Material provided
Start of Block
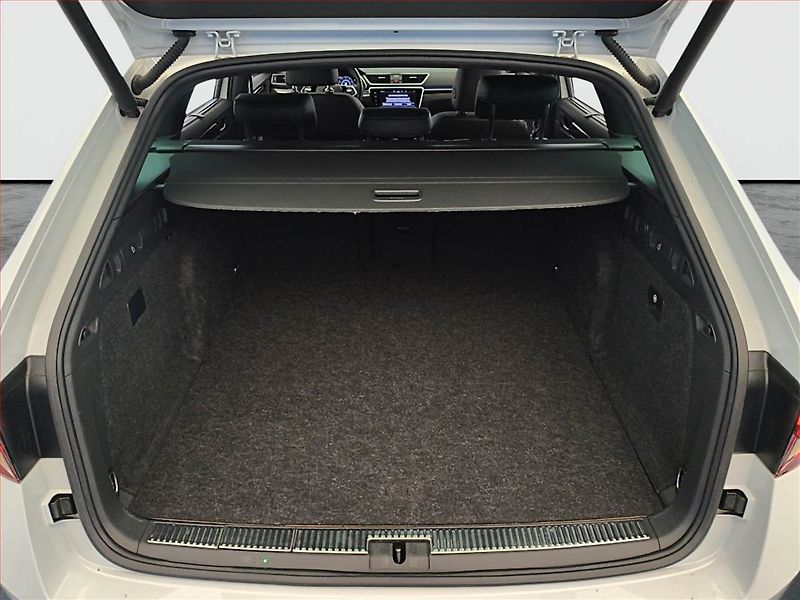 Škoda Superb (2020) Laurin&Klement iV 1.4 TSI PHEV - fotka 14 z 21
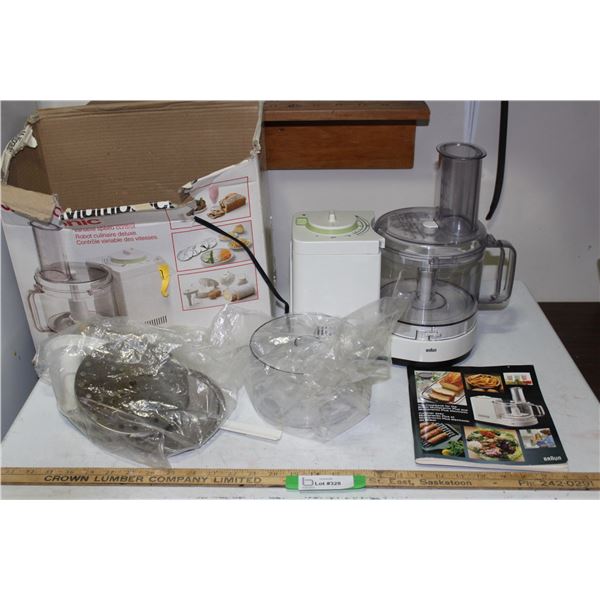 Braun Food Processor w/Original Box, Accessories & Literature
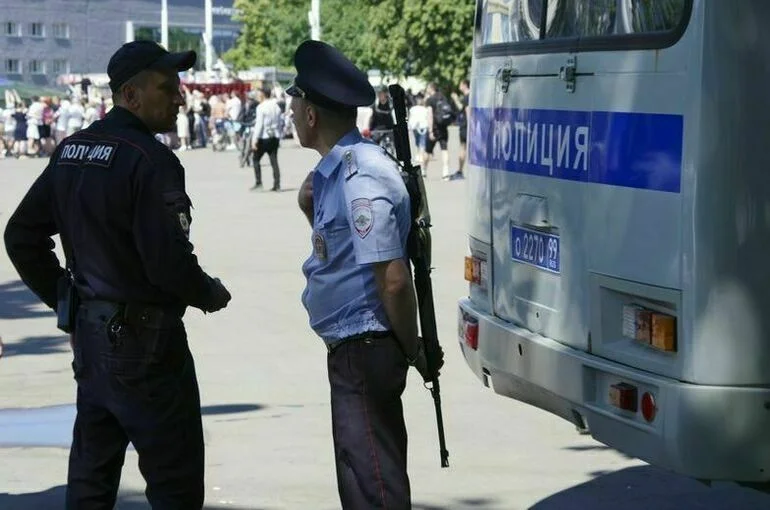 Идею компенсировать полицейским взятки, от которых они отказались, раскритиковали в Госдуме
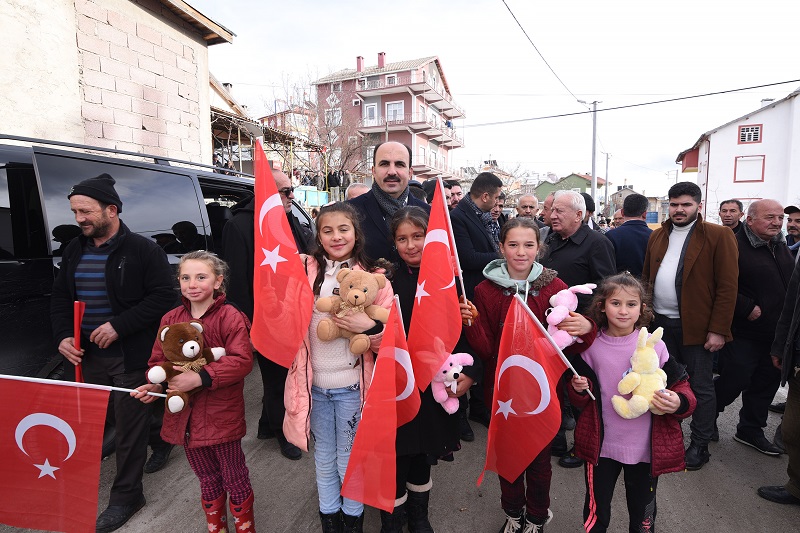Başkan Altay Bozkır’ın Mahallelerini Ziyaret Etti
End of Block
Start of Block
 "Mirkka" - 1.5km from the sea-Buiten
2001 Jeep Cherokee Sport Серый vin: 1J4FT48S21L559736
End of Block
Start of Block
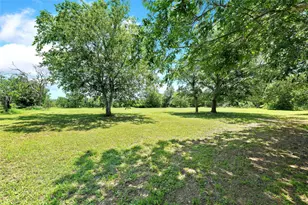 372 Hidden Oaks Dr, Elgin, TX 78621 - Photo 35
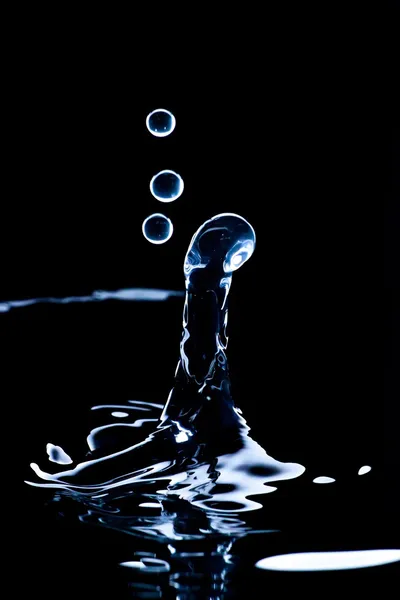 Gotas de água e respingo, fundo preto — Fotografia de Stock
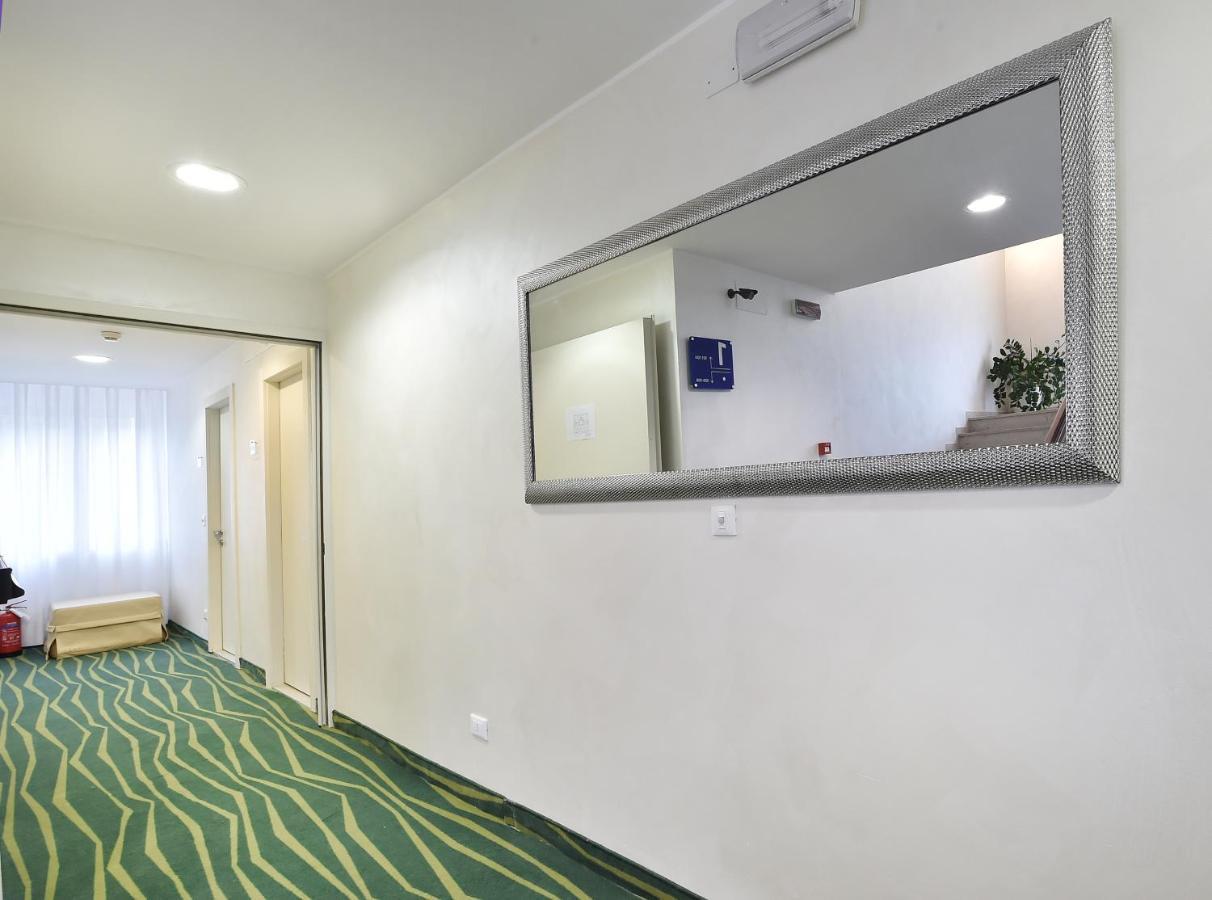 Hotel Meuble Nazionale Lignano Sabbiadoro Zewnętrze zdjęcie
End of Block
In the listing above, find the line with "Braun Food Processor" and the line with "Başkan Altay Bozkır’ın". Transcribe those two and everything between, exactly, leaving out pictures.

 Braun Food Processor w/Original Box, Accessories & Literature
 Идею компенсировать полицейским взятки, от которых они отказались, раскритиковали в Госдуме
Başkan Altay Bozkır’ın Mahallelerini Ziyaret Etti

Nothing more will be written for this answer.